## WHAT TO DO
Word for word, give the data again without its pictures.

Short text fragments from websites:

☆ ☆ ☆

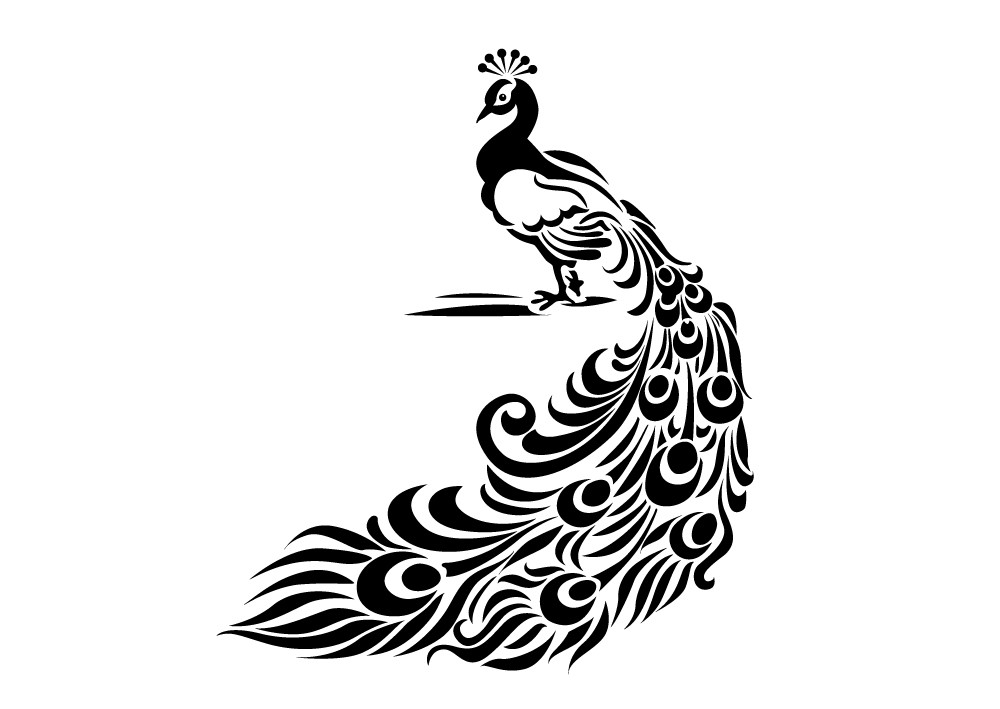 1000x709 Peacock Drawing With Colour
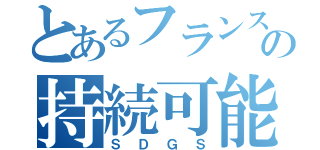 とあるフランスの持続可能な開発目標（ＳＤＧＳ）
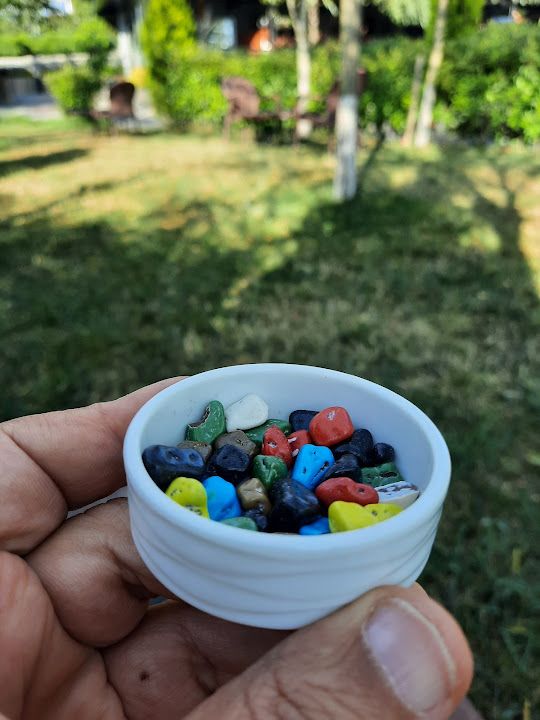 Fotoğraf 43
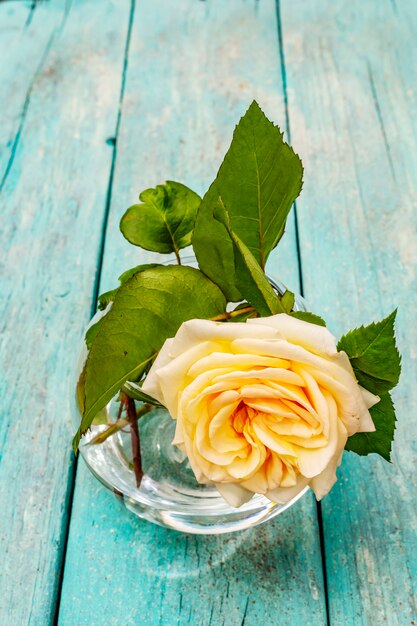 Rose de thé dans un vase en verre. Concept d'humeur romantique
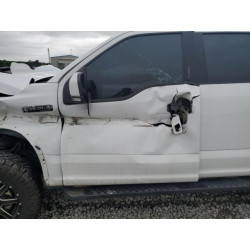 2020 FORD F-150 1FTEW1E58LKE78819 55860945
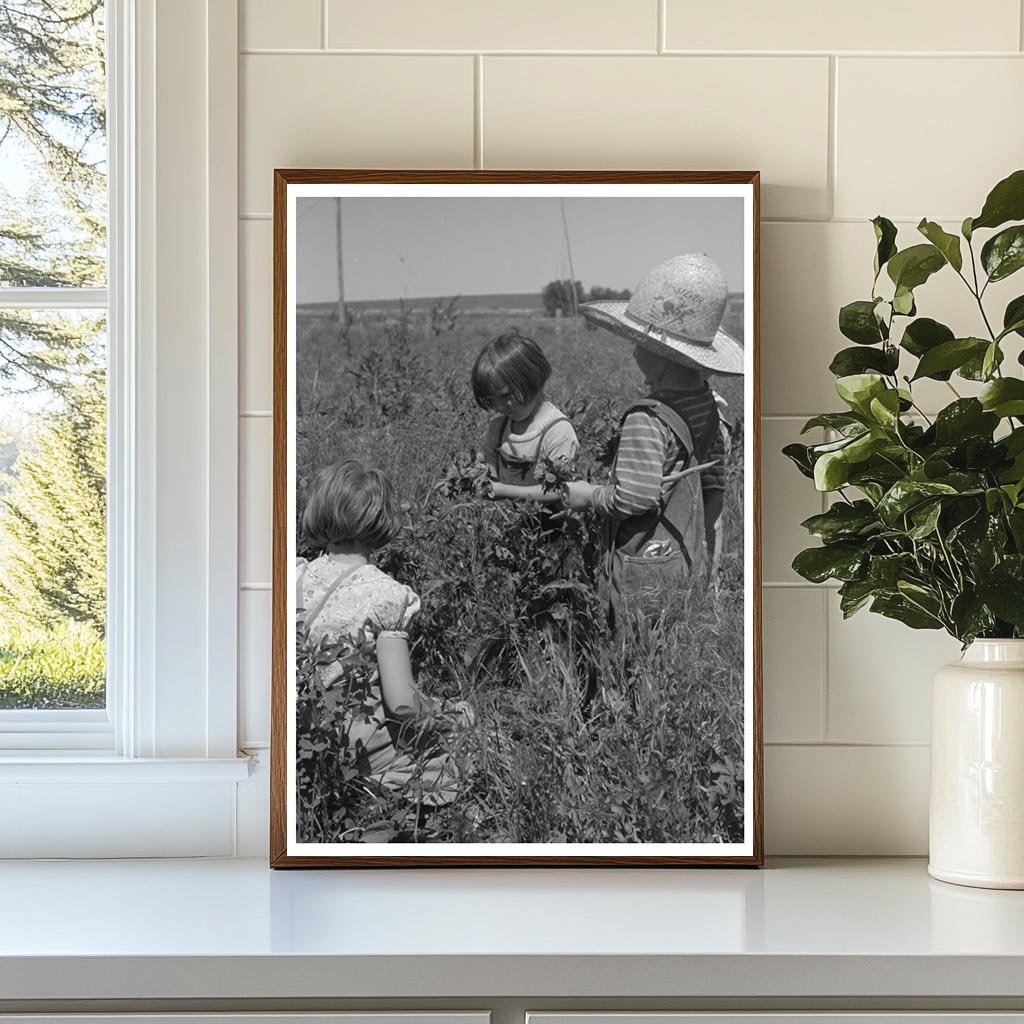 Child of Farm Worker at Labor Camp Caldwell Idaho 1941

☆ ☆ ☆

## OUTPUT BELOW
 1000x709 Peacock Drawing With Colour
 とあるフランスの持続可能な開発目標（ＳＤＧＳ）
 Fotoğraf 43
 Rose de thé dans un vase en verre. Concept d'humeur romantique
 2020 FORD F-150 1FTEW1E58LKE78819 55860945
 Child of Farm Worker at Labor Camp Caldwell Idaho 1941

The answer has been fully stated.